ShapleySobolKNN
We now demonstrate how to use ShapleySobolKNN for estimating Shapley Sobol’ indices (Owen, 2014; Song et al., 2016) from scattered data. If you have not installed pyfirst, please uncomment and run %pip install pyfirst below before proceeding.
# %pip install pyfirst
Imports
import numpy as np
from pyfirst import ShapleySobolKNN
Simulate Data
We simulate clean data from the Ishigami function
$$ y = f(X) = \sin(X_{1}) + 7\sin^2(X_{2}) + 0.1X_{3}^{4}\sin(X_{1}), $$
where the input \(X\) are independent features uniformly distributed on \([-\pi,\pi]^{3}\).
def ishigami(x):
x = -np.pi + 2 * np.pi * x
y = np.sin(x[0]) + 7 * np.sin(x[1])**2 + 0.1 * x[2]**4 * np.sin(x[0])
return y
np.random.seed(43)
n = 10000
p = 3
X = np.random.uniform(size=(n,p))
y = np.apply_along_axis(ishigami, 1, X)
Run ShapleySobolKNN
ShapleySobolKNN(X, y, noise=False)
array([0.42633061, 0.4428562 , 0.13081318])
Speeding Up ShapleySobolKNN
The speed-up tricks available for TotalSobolKNN are also available for ShapleySobolKNN. Please check the speed-up tricks in the TotalSobolKNN page for more details.
Noisy Data
We now look at the estimation performance on the noisy data \(y = f(X) + \epsilon\) where \(\epsilon\sim\mathcal{N}(0,1)\) is the random error. For noisy data, ShapleySobolKNN implements the Noise-Adjusted Nearest-Neighbor estimator in Huang and Joseph (2025), which corrects the bias by the Nearest-Neighbor estimator from Broto et al. (2020) when applied on noisy data.
np.random.seed(43)
n = 10000
p = 3
X = np.random.uniform(size=(n,p))
y = np.apply_along_axis(ishigami, 1, X) + np.random.normal(size=n)

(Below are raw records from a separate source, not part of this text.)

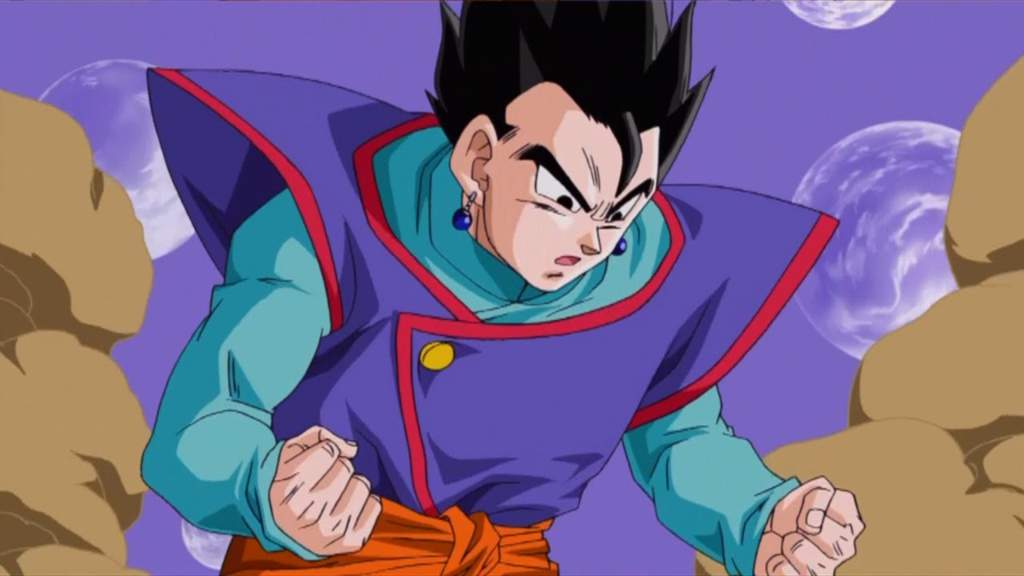 Son Gohan's Character discussion Anime Amino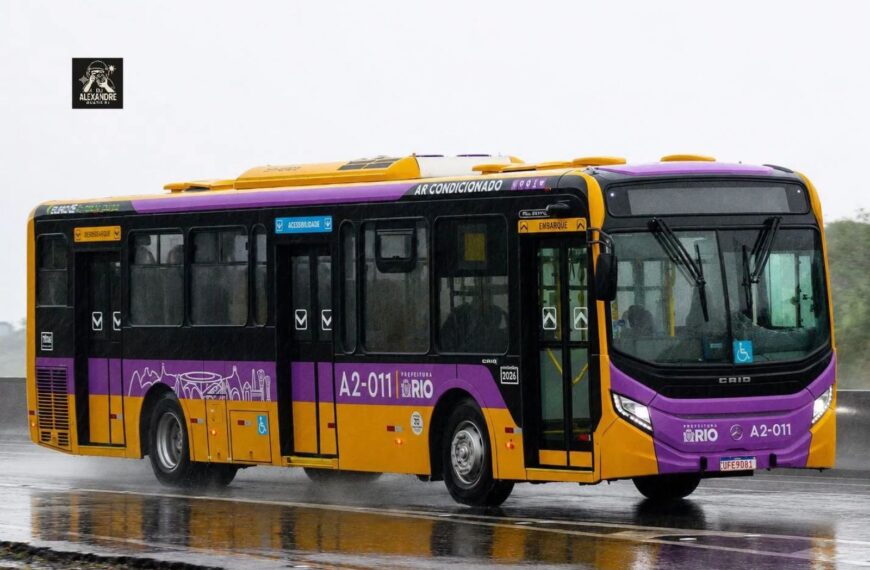 Prefeitura do Rio remaneja R$ 172 milhões previstos para subsídios de ônibus e BRT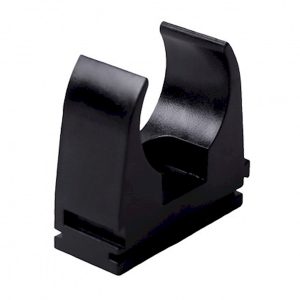 Тримач-кліпса D20мм (5320 FB) чорний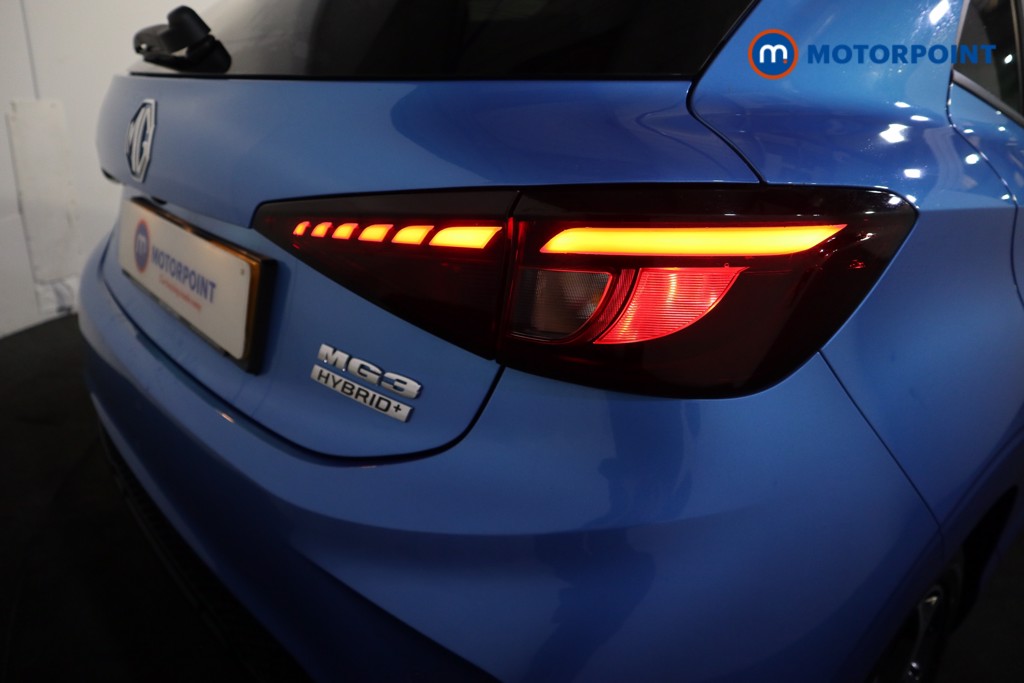 Mg Motor Uk MG3 Trophy Automatic Petrol-Electric Hybrid Hatchback - Stock Number (1623252) - 28th supplementary image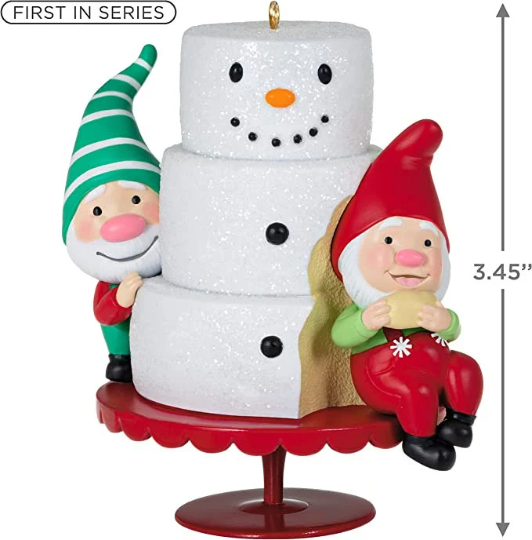 Gnome for Christmas - Hallmark Keepsake Ornament 2021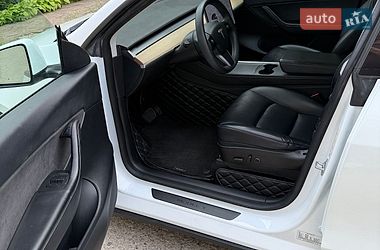 Внедорожник / Кроссовер Tesla Model Y 2021 в Одессе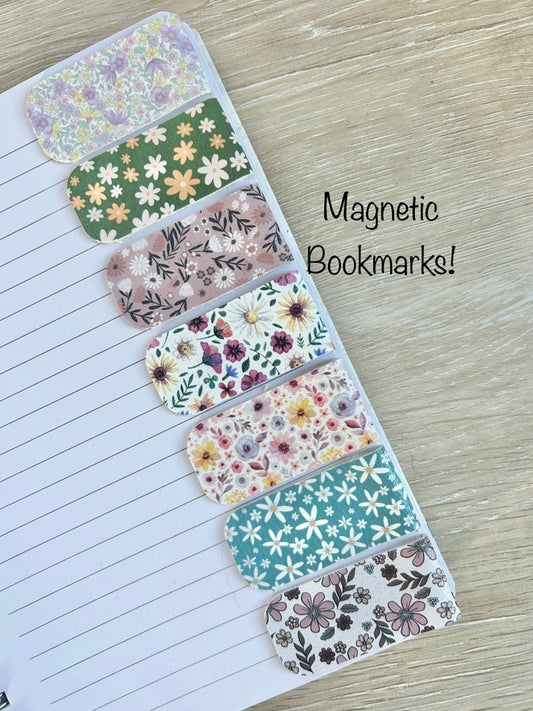 Magnetic Bookmark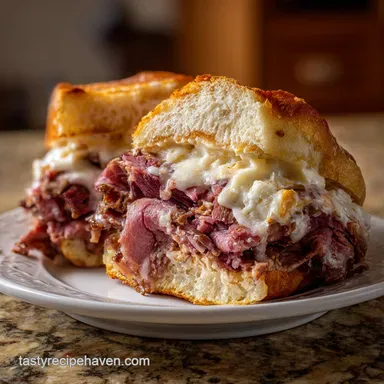 Leftover Prime Rib Recipe Easy And Quick Idea with Horseradish Recipe Card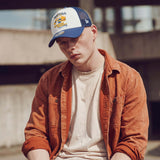 blau (male-model Jimmy Mcneal)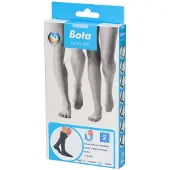 Bota Relax 280 AD+P Kniekous Nero M2 (39/40) | 1 paar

ShapleySobolKNN(X, y, noise=True)
array([0.43060553, 0.4407385 , 0.12865597])
For more details about ShapleySobolKNN, please Huang and Joseph (2025).
References
Huang, C., & Joseph, V. R. (2025). Factor Importance Ranking and Selection using Total Indices. Technometrics.
Owen, A. B. (2014), “Sobol’indices and Shapley value,” SIAM/ASA Journal on Uncertainty Quantification, 2, 245–251.
Song, E., Nelson, B. L., & Staum, J. (2016), “Shapley effects for global sensitivity analysis: Theory and computation,” SIAM/ASA Journal on Uncertainty Quantification, 4, 1060-1083.
Broto, B., Bachoc, F., & Depecker, M. (2020). Variance reduction for estimation of Shapley effects and adaptation to unknown input distribution. SIAM/ASA Journal on Uncertainty Quantification, 8(2), 693-716.
Douze, M., Guzhva, A., Deng, C., Johnson, J., Szilvasy, G., Mazaré, P.E., Lomeli, M., Hosseini, L., & Jégou, H., (2024). The Faiss library. arXiv preprint arXiv:2401.08281.
Vakayil, A., & Joseph, V. R. (2022). Data twinning. Statistical Analysis and Data Mining: The ASA Data Science Journal, 15(5), 598-610.